KLAYMAN v. OBAMA et al
SUPPLEMENTAL MEMORANDUM to re 13 MOTION for Preliminary Injunction (Government Defendants' Supplemental Brief in Opposition to Plaintiffs' Motions for Preliminary Injunctions) filed by KEITH B. ALEXANDER, ERIC H. HOLDER, JR, NATIONAL SECURITY AGENCY, BARACK HUSSEIN OBAMA, II, U.S. DEPARTMENT OF JUSTICE. (Attachments: # 1 Exhibit A)(Gilligan, James)
IN THE UNITED STATES DISTRICT COURT
FOR THE DISTRICT OF COLUMBIA
LARRY KLAYMAN, et al.,
Civil Action No.
BARACK OBAMA, President of the
United States, et al.,
LARRY KLAYMAN, et al.,
Civil Action No.
BARACK OBAMA, President of the
United States, et al.,
GOVERNMENT DEFENDANTS’ SUPPLEMENTAL BRIEF IN OPPOSITION TO
PLAINTIFFS’ MOTIONS FOR PRELIMINARY INJUNCTIONS
The Government Defendants respectfully submit this supplemental brief in opposition to
Plaintiffs’ motions for preliminary injunctions, as the Court permitted the parties to do at the
conclusion of the November 18, 2013, hearing.
REVIEW OF PLAINTIFFS’ STATUTORY CLAIM IS IMPLIEDLY
PRECLUDED, BUT NOT THEIR CONSTITUTIONAL CLAIMS.
As discussed during the hearing, the Court lacks jurisdiction over Plaintiffs’ statutory
claim, but not their constitutional claims.
In their moving papers, and now in their recently amended complaints, Plaintiffs aver in
an eighth claim for relief that the alleged National Security Agency (“NSA”) intelligence-
gathering programs violate the Administrative Procedure Act (“APA”), 5 U.S.C. § 701 et seq.,
because they exceed the statutory authority set forth in Section 215 of the USA-PATRIOT Act.
The Court lacks subject matter jurisdiction over this statutory claim, however, because Congress
impliedly precluded APA review of such claims. See Gov’t Defs.’ Opp. at 26-31.
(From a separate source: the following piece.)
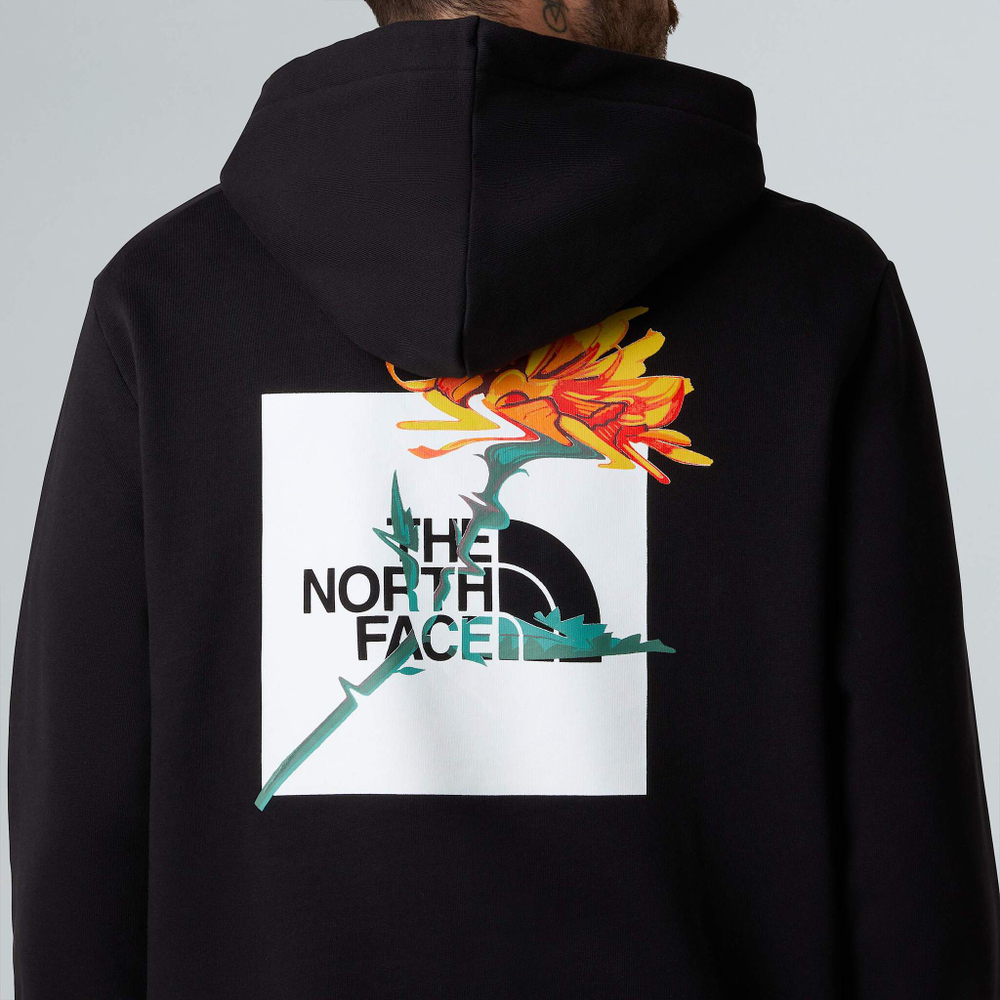 Худи The North Face Alpine Flower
The issue of preclusion goes to the Court’s jurisdiction because, where review is
expressly or impliedly precluded, the APA’s waiver of sovereign immunity does not apply so as
to allow a claim against the Government. “It is axiomatic that the United States may not be sued
without its consent and that the existence of consent is a prerequisite for jurisdiction.” United
States v. Mitchell, 463 U.S. 206, 212 (1983). As a general matter, section 702 of the APA grants
the Government’s consent to suit in actions “seeking relief other than money damages,” such as
the injunctive relief sought in the instant complaints. This consent is subject to a number of
significant exceptions, however, two of which apply here. First, section 702 provides that
“[n]othing herein … confers authority to grant relief if any other statute that grants consent to
suit expressly or impliedly forbids the relief which is sought.” 5 U.S.C. § 702. Second,
mirroring the first exception, the APA provides that its chapter on judicial review, including
section 702, does not apply “to the extent that … statutes preclude judicial review.” 5 U.S.C.
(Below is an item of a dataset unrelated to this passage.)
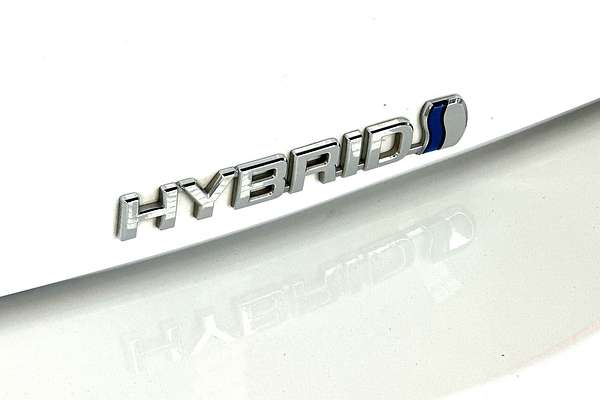 2021 Toyota Corolla Ascent Sport Hybrid ZWE211R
§ 701(a)(1). Gov’t Defs.’ Opp. at 27-28. Thus, although the waiver in section 702 generally
applies in injunctive actions, other statutory provisions that expressly or impliedly preclude
review of a claim, or forbid the relief sought, operate as exceptions that place the claim beyond
the reach of section 702’s waiver, and, therefore, beyond the court’s jurisdiction. See Texas
Alliance for Home Care Servs. v. Sebelius, 681 F.3d 402, 408, 411 (D.C. Cir. 2012); Ass’n of
Civilian Technicians v. FLRA, 283 F.3d 339, 341 (D.C. Cir. 2002).
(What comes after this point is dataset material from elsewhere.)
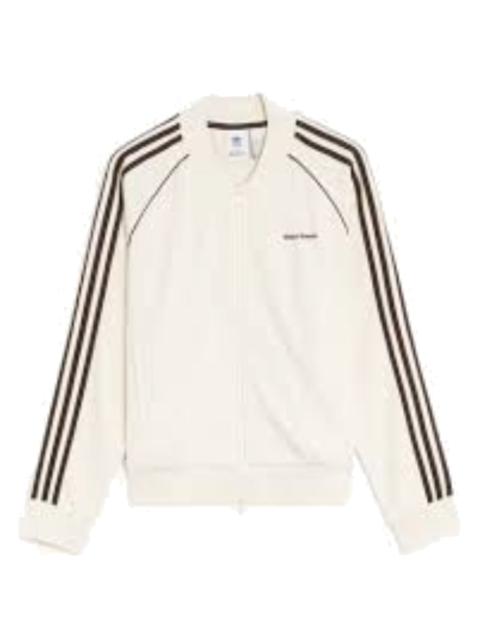 adidas (WMNS) adidas x Wales Bonner Statement Track Top Asia Sizing 'White' IM8394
Several statutory provisions demonstrate that Congress did not intend persons such as
Plaintiffs, who claim to be subscribers and users of electronic communications services, to
challenge the statutory basis of the alleged NSA intelligence-gathering programs implicated by
these cases. Section 215, and Section 702 of the Foreign Intelligence Surveillance Act (“FISA”),
both specifically authorize challenges to production orders and directives only by recipients of
those orders and directives (such as telecommunications service providers), and only before the
petition review pool of the Foreign Intelligence Surveillance Court (“FISC”), not in district
court. 50 U.S.C. §§ 1861(f)(1), (f)(2)(A)(i); 1881a(h)(4). Congress explicitly stated that the
FISC petition review pool “shall have jurisdiction to review petitions filed pursuant to section
1861(f)(1) or 1881a(h)(4) of this title.” Id. § 1803(e)(1). Congress provided for further review
of the resulting FISC’s decisions in the FISA Court of Review and the Supreme Court, again not
in district court. Id. §§ 1861(f)(3), 1881a(h)(6).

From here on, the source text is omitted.